「日本精品」? 「日本製品」の変換ミスではない。今、中国で日本精品という言葉が広がりつつあるという。この言葉を考案したのは中国百貨商業協会の楚修斎会長である。
中国百貨商業協会とは中国全土1万2000社のデパートやスーパーを率いる中国最大の商業組合。その会長が自ら高品質商品という意味で「精品」という言葉を考え、日本製品に与えた。「精品」は一般的な中国語ではないという。しかし中国人なら誰でもその字面を見て品質の高い製品のことだと理解できるそうだ。
確かな技術力、洗練されたデザイン、信頼性と付加価値の高いニッポンブランドの商品を日本精品と呼ぶことにしたわけだ。楚会長は今年8月、上海で中国全土の大手百貨店の仕入れ担当者と日本のメーカー営業担当者の商談会「日本精品展」を企画している。

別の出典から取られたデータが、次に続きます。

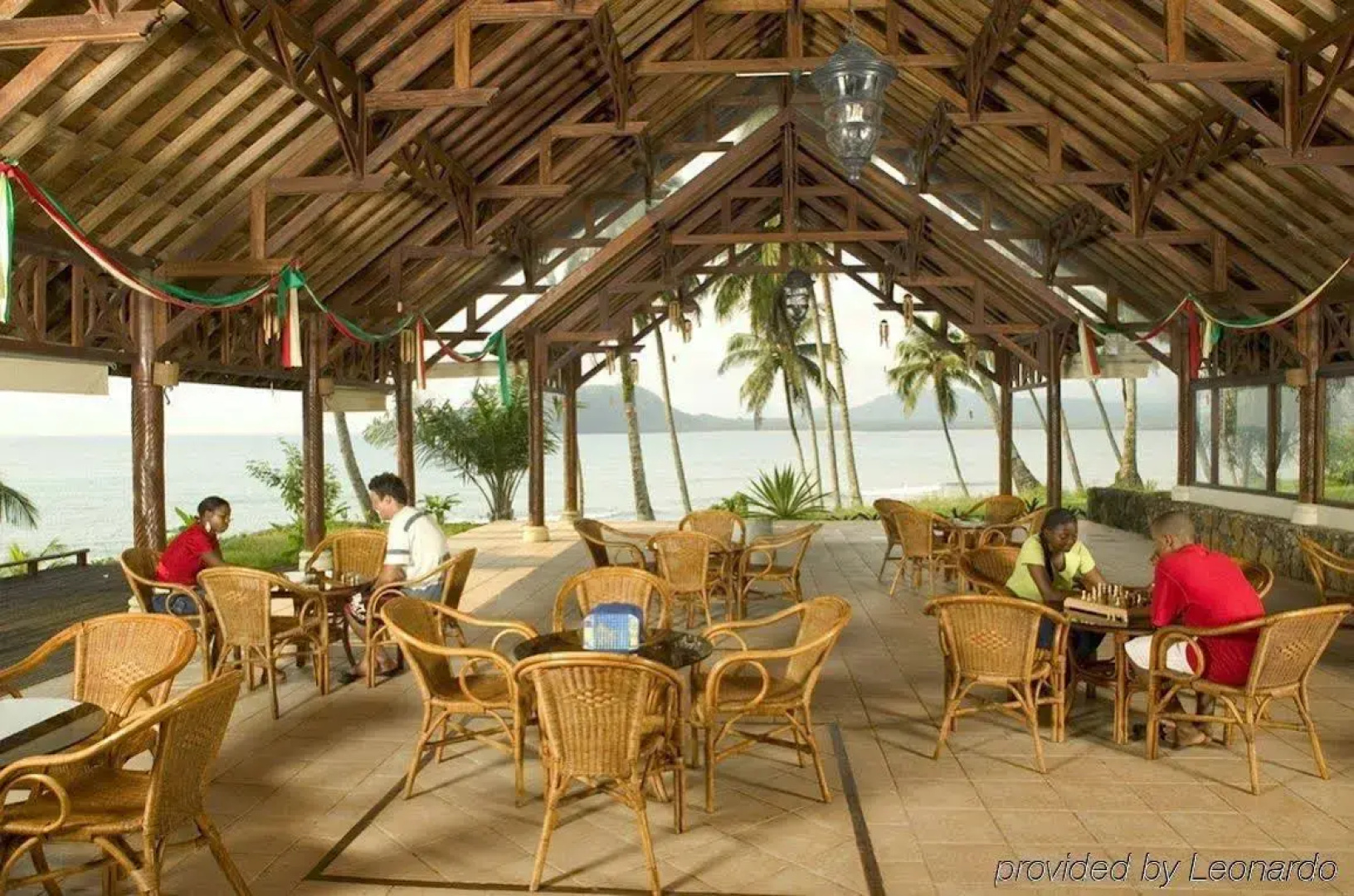 Pestana Equador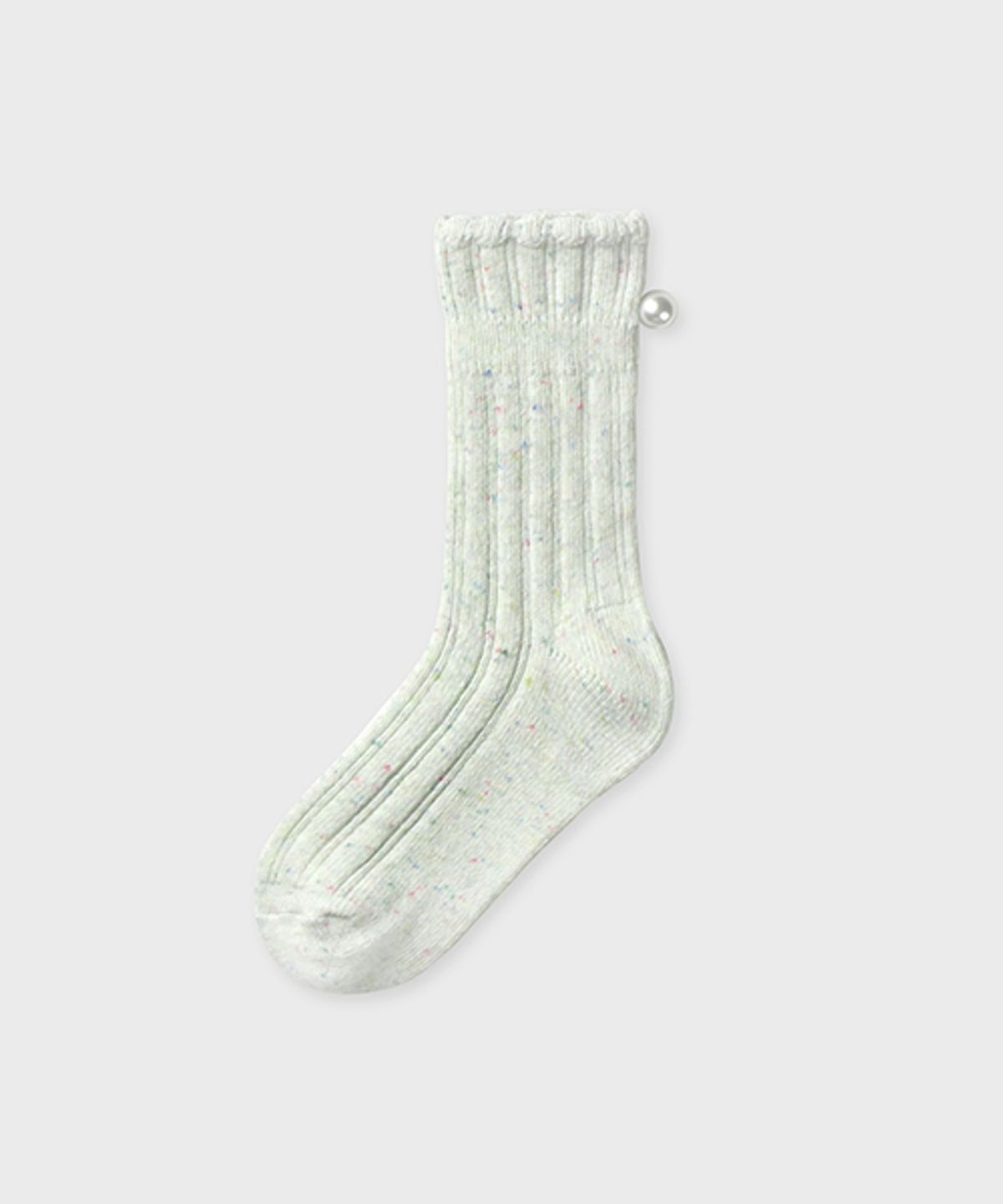 삭스어필(SOCKS APPEAL) pearl winter nep cream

「日本でもそうであるように、中国でも日本が好きな人も嫌いな人もいます」と、楚会長は言う。とはいえ、大半の中国人がメード・イン・ジャパン製品を高品質の代名詞として認識しているのも事実だそうだ。
特筆すべきは、この日本精品展、日本側が企画し中国側に売り込んだのではなく、中国側が企画・主催するという点だ。では、日本人は中国百貨商業協会や中国の消費者が日本製品に対して抱くこの認識をどうとらえるべきなのか?
「いろいろ難問は吹っかけてくるが、結局は中国人は優秀な日本製品を買い続けるだろう」などと甘い考えでは、危ない。